The picture above is from a book about a 1773 English expedition to Spitsbergen. It shows the freezing landscape that greeted explorers who travelled into the Arctic. Click on the images on this page to see more.

The Northeast Passage is the route from Europe to the Pacific through the arctic waters north of Russia.

Europeans started looking for the Northeast Passage in the mid-1500s because overland trade routes to Russia, China and India were blocked by wars. They wanted to find a way to go east by sea.

In 1553 Sir Hugh Willoughby captained an expedition to find the Northeast Passage. The expedition was financed by London merchants who wanted to find a new route to the riches of Asia. Willoughby and his crew became lost when they got separated from the expedition’s expert navigator, Richard Chancellor. Their frozen bodies were found by Russian fishermen the following summer. This map (left) from Gerard Mercator’s atlas names ‘S. Hugo Willoughbes land’ off the Norwegian coast in his honour.
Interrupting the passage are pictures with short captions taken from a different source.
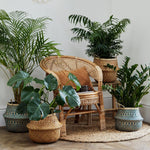 Seagrass Tribal Amber Lined Basket Medium H30Cm D35Cm - Rogey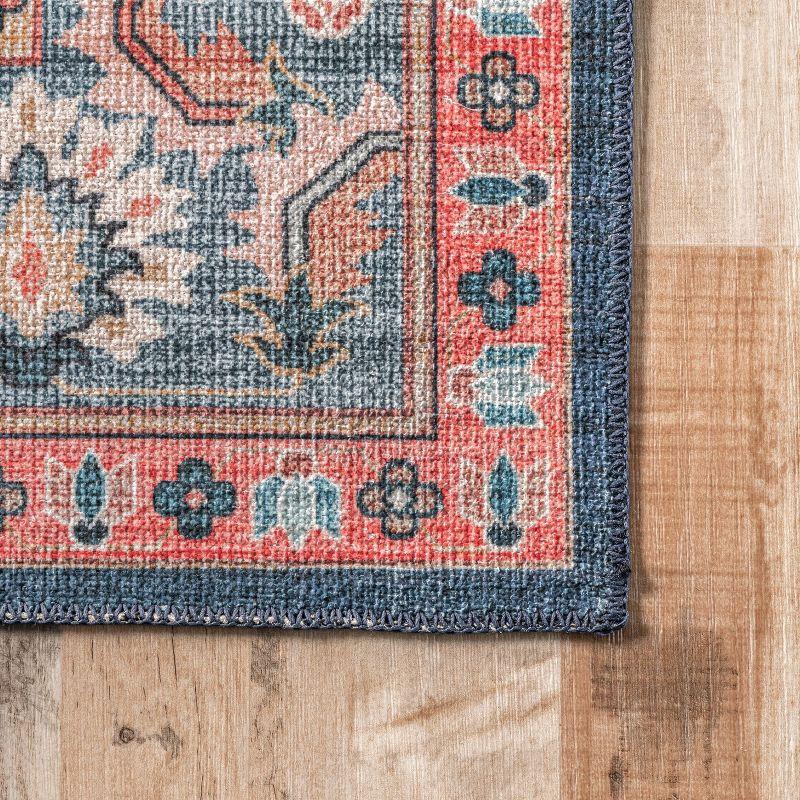 Nuloom Francis Persian Medallion Machine Washable Indoor Area Rug Blue 4' x 6'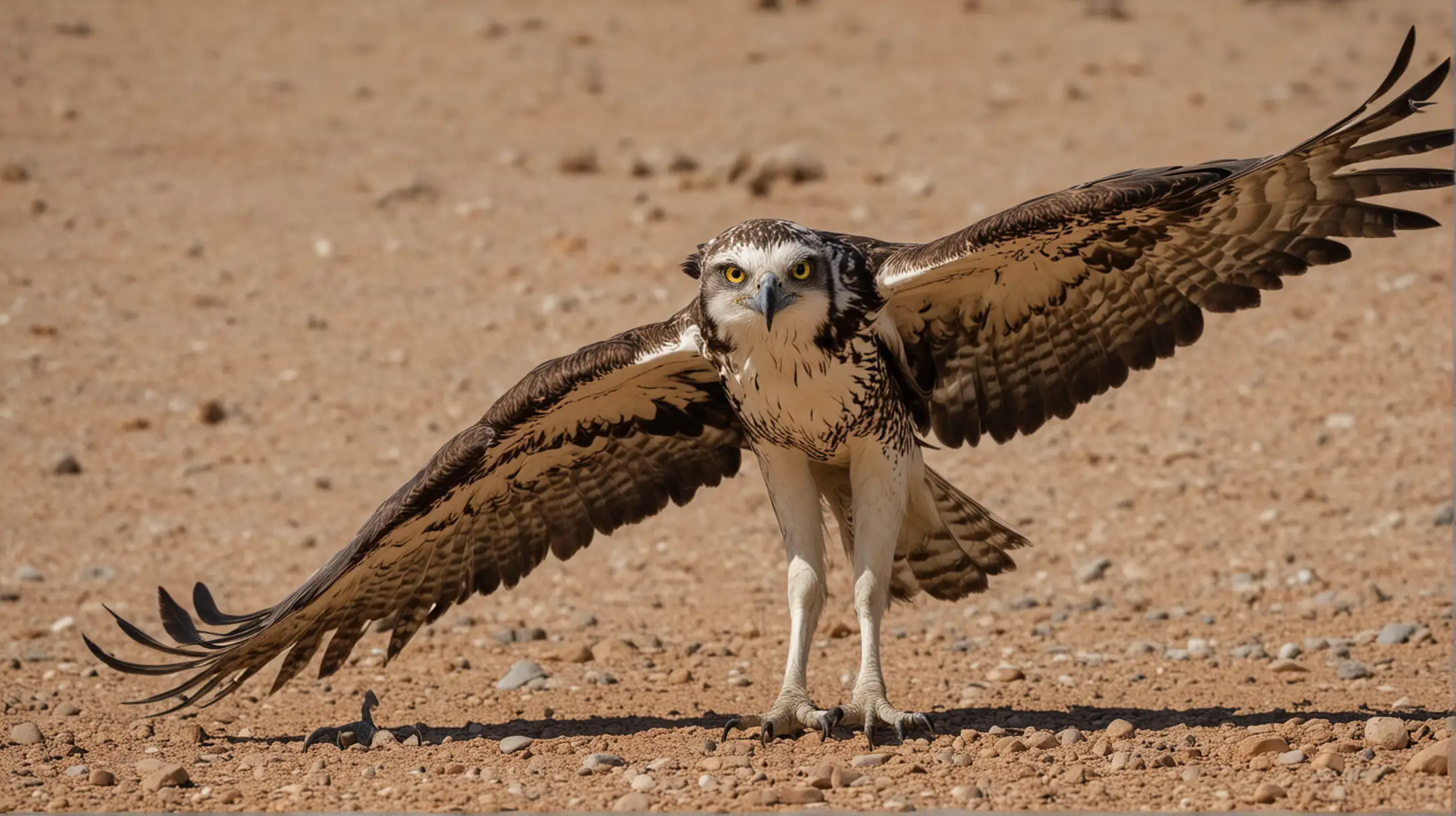 A close up of some birds of prey, such as osprey, owl, falcon, vulture in the desert location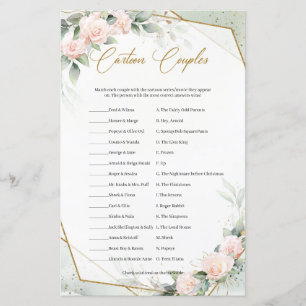 Trendy boho blush and greenery Cartoon Couples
Forty years later (1594-1597) the Dutch explorer Willem Barents crossed the Arctic Ocean between Norway and Russia (now called the Barents Sea). He discovered Spitsbergen (shown on Mercator’s map as ‘t’Nieulant’). He also made the first known voyage around the north coast of Novaya Zemlya, a large island in the Russian Arctic (on Mercator’s map it is labelled ‘Nova Zembla’).

In 1728 Vitus Bering discovered that the continents of Asia and North America were separated by a strip of water (now called the Bering Strait). His discovery confirmed that there was a way into the Northeast Passage at the Pacific end. The Bering Strait and the Bering Sea are shown on this map from a 1917 atlas (below).

Map showing the Bering Strait

Despite Bering’s discovery, the Northeast Passage was not successfully navigated until the Swedish explorer Adolf Nordenskiold sailed through it in 1878-89. It is now used for modern Russian shipping.